Nobody had said much about the cost of all this frenzied overtime. The big thing was to relay the data; sordid matters of stash could be discussed some other time. Well, some other time has arrived. I don’t even know how big the bill actually was. But you can compute it for yourself: we’ve kept a whole TP staff sitting skull-to-skull on an Earth relay for eight transmission hours a day over something like fifteen days.
The chilly fact is that we’ve spent our whole second year’s budget on two weeks of TP communications.
As the finances of archaeological expeditions go, this one has an awfully big thumb. I don’t know the details, but we have grants from half a dozen universities, a couple of private foundations, and the governments of six worlds. The purpose of all this stash was to pay our transportation to and from Higby V, to provide (modest) salaries for expedition personnel, to cover our field expenses, and to underwrite the cost of publishing our results. The funds thus set aside were supposed to last us for two years in the field. Nothing was budgeted in for extraordinary TP bills.
We are in trouble now.
Late last night Dr. Schein came over to me and said, “Tom, are you sure you don’t have latent TP?”
“Positive, sir.”
“With a twin sister who’s a communicator?”
“I’ve been tested up and down,” I said. “There isn’t an atom of TP ability in me. My sister’s got the family monopoly.”
“Too bad. If we had a TP of our own, and didn’t have to pay the ruinous official rates—” He walked away, shaking his head. Half an hour later Dr. Horkkk also approached me and quizzed me about possible TP abilities. Try, he begged me. Try to make contact with a TP. I felt like telling him to try to fly. Trying isn’t enough sometimes.
Besides, did they really think that a freelance TP would be able to bypass the utility laws and use the communications net without charge?
As of this morning, this is the position: we have to find that asteroid, because we simply don’t have enough funds to work our full two years on Higby V. Having crashed our stash, we now must come through with phenomenal results in relatively little time. One bit of encouraging news did arrive last night from Luna City. They’ve run the computer simulation and have indeed located the piece of sky our photo shows. They’ve identified Rigel, Procyon, Aldebaran, Arc-turus, and a number of other familiar stars.
This is not colossally useful to us. The photo shows a cube of space with a volume of thousands of light-years, and finding a single white dwarf (possibly burned out) and a single asteroid in all of that is an impossible task. But what Luna City has told us is that the robot-and-vault sequence took place in our galaxy, which is some comfort. If the closeup photo enables them to pinpoint the actual solar system involved, we can take it from there.
We have to.
NINE
October 14, 2375
Higby V
We leave here next week for a star called GGC 1145591. That’s where our asteroid is. With some luck, that’s where our High Ones robot is too.
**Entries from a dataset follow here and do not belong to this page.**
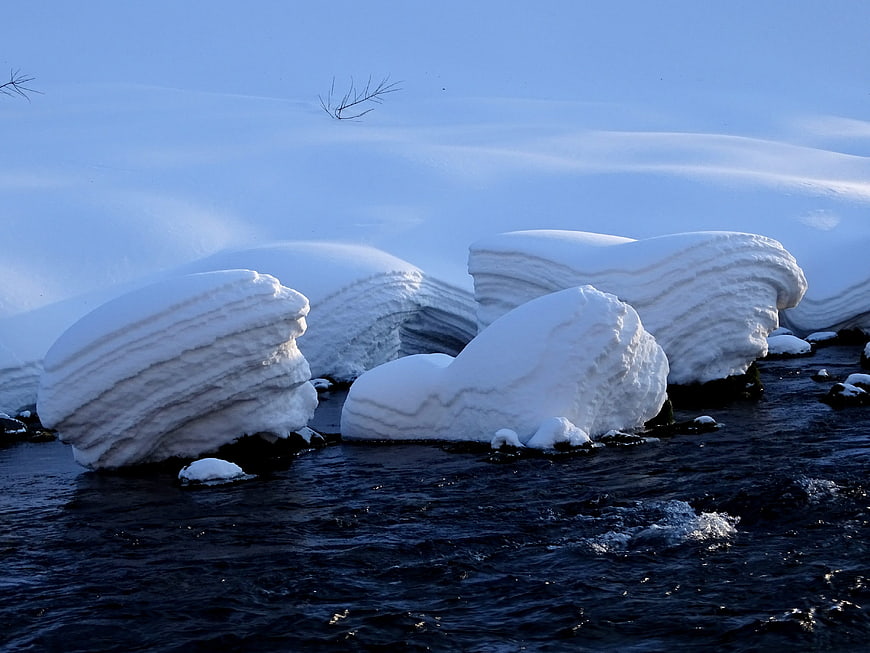 Snow-covered rocks in a flowing winter river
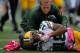 BALTIMORE, MD - OCTOBER 13: Randall Cobb #18 of the Green Bay Packers is attended to by a trainer after being injuired on a play in the second quarter during a game against the Baltimore Ravens at M&T Bank Stadium on October 13, 2013 in Baltimore, Maryland. (Photo by Patrick McDermott/Getty Images)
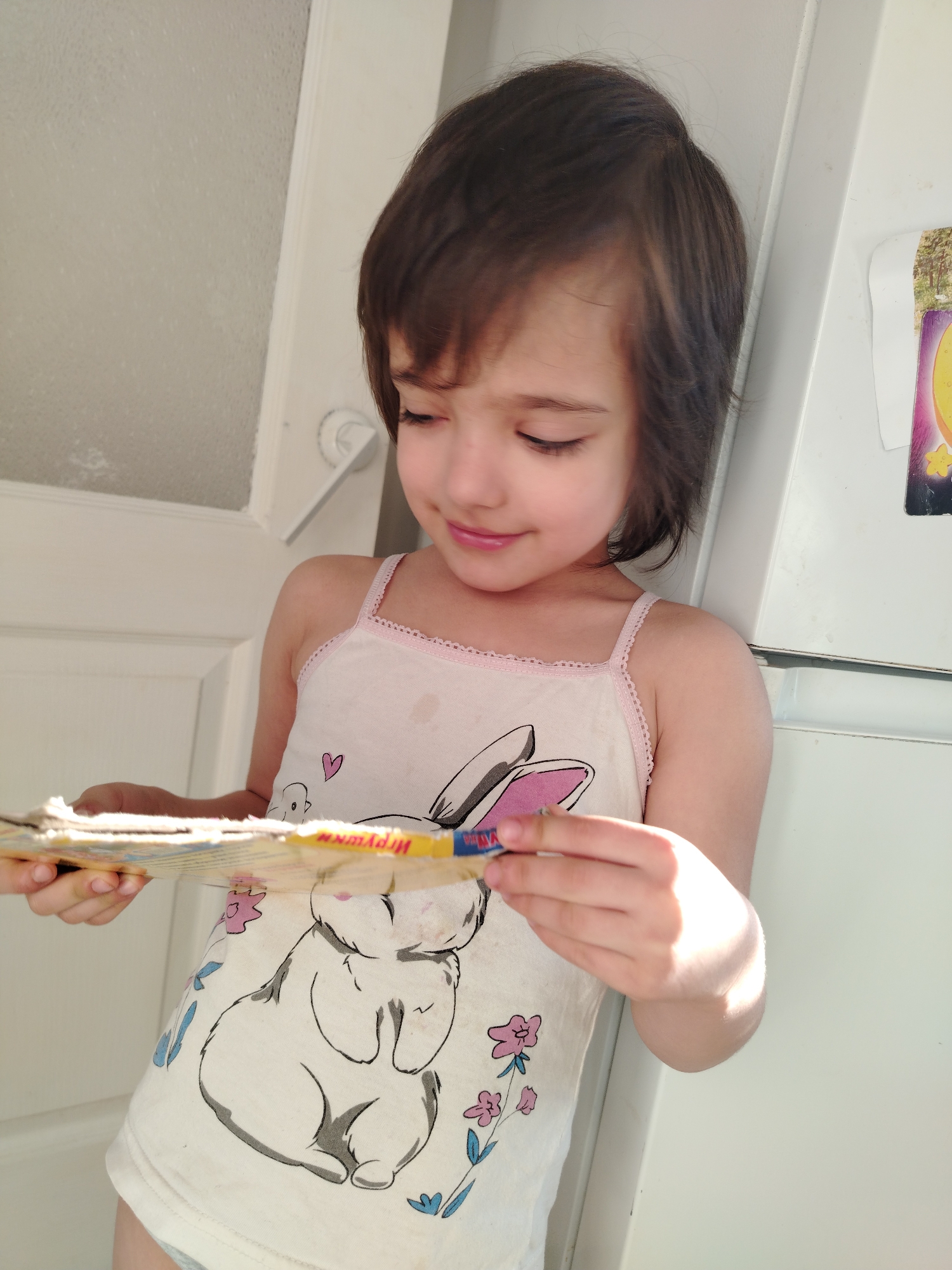 A brightly lit, close-up indoor shot features a young child, likely a girl, from the chest up, engaged in looking at a book or magazine. The child has short, dark brown hair and a gentle, concentrated expression, with a slight smile, as she gazes downwards at the item in her hands. She is wearing a light-colored tank top with thin pink straps and pink lace trim along the neckline. The top is decorated with a large outline drawing of a rabbit with pink ears, a small pink heart, and scattered pink and blue floral patterns.
The child holds a small, somewhat worn book or pamphlet. Visible Cyrillic text on its spine or cover includes "Игрушк" (Igrushk), which likely forms part of the word "toy" in Russian.
The background shows interior elements. To the left, a white door with a frosted glass panel and a white doorknob is partially visible. To the right, a section of a white household appliance, possibly a refrigerator, is seen, with a colorful sticker or magnet affixed to its upper right side. The lighting is bright, suggesting natural daylight, creating highlights on the child's hair, arm, and the book, and contributing to the serene atmosphere. The child appears calm and absorbed in her activity. The setting is indoors, in Noviy, Russia.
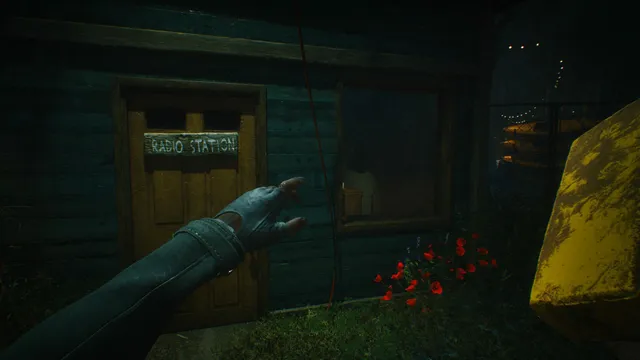 First-person view reaching toward the door of a small wooden radio station at night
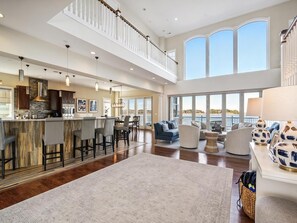 A spacious open-plan living area with a kitchen, dining area, and seating space. - Bayfront Retreat | Sleeps 16 | Pool + Beach Access (Bethany Beach)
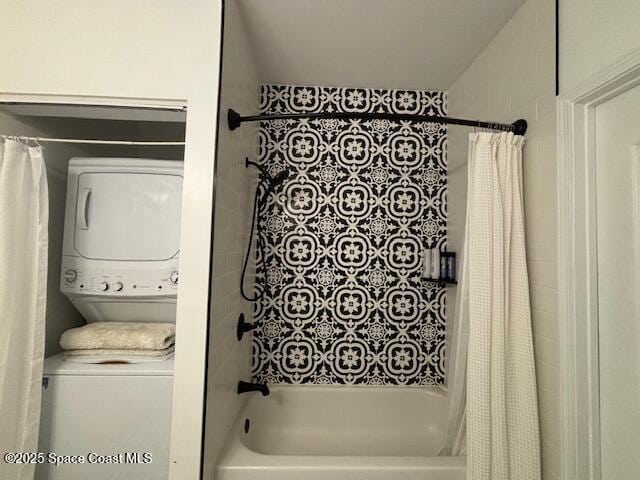 bathroom featuring stacked washer / drying machine and shower / bathtub combination with curtain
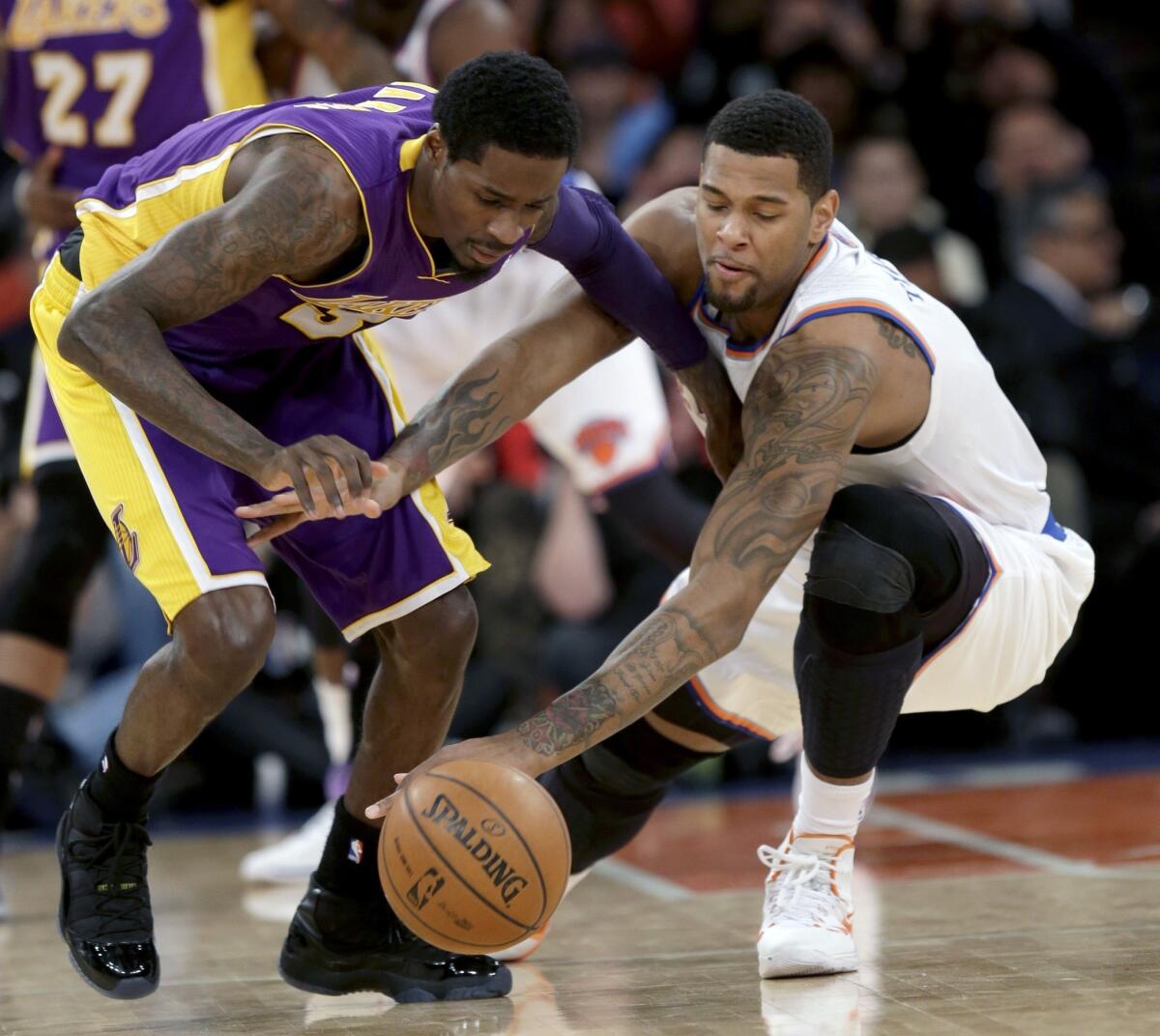 Lakers guard Manny Harris, left, and Knicks forward Jeremy Tyler chase after a loose ball in the second half of a game on Jan. 26. Tyler signed a free-agent contract Tuesday with the Lakers.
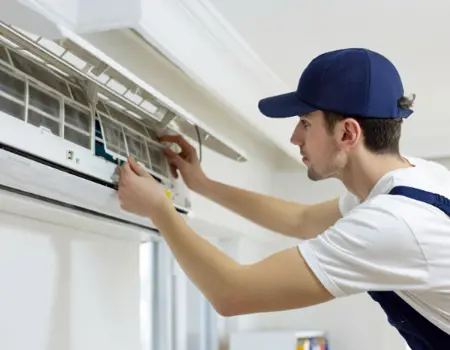 An HVAC technician works on a ductless AC unit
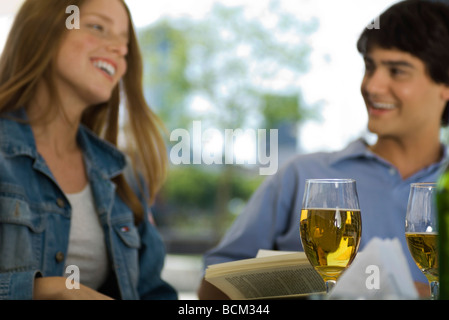 Friends laughing in outdoor cafe, glasses of beer in foreground Stock Photo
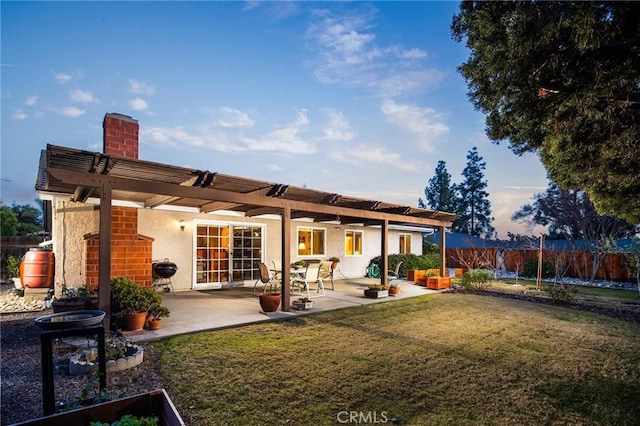 back house at dusk featuring a yard, a pergola, and a patio area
GGC 1145591 doesn’t have a name, just a catalog number. It’s seventy-two light-years from Earth, and the star closest to it whose name you’re likely to know is Aldebaran, which isn’t really close at all. However, a billion years ago Aldebaran and GGC 1145591 were stellar neighbors, which is one of the ways Luna City was able to trace our star. It amazes me that the astronomers are able to figure out the positions of stars a billion years ago, when the only data they have to work with are the observations recorded over the last four or five hundred years. But they’re quite confident that they have found the right star. It’s as if they took a film of the present-day sky and ran it backward until it corresponded to the billion-year-old picture left us by the High Ones.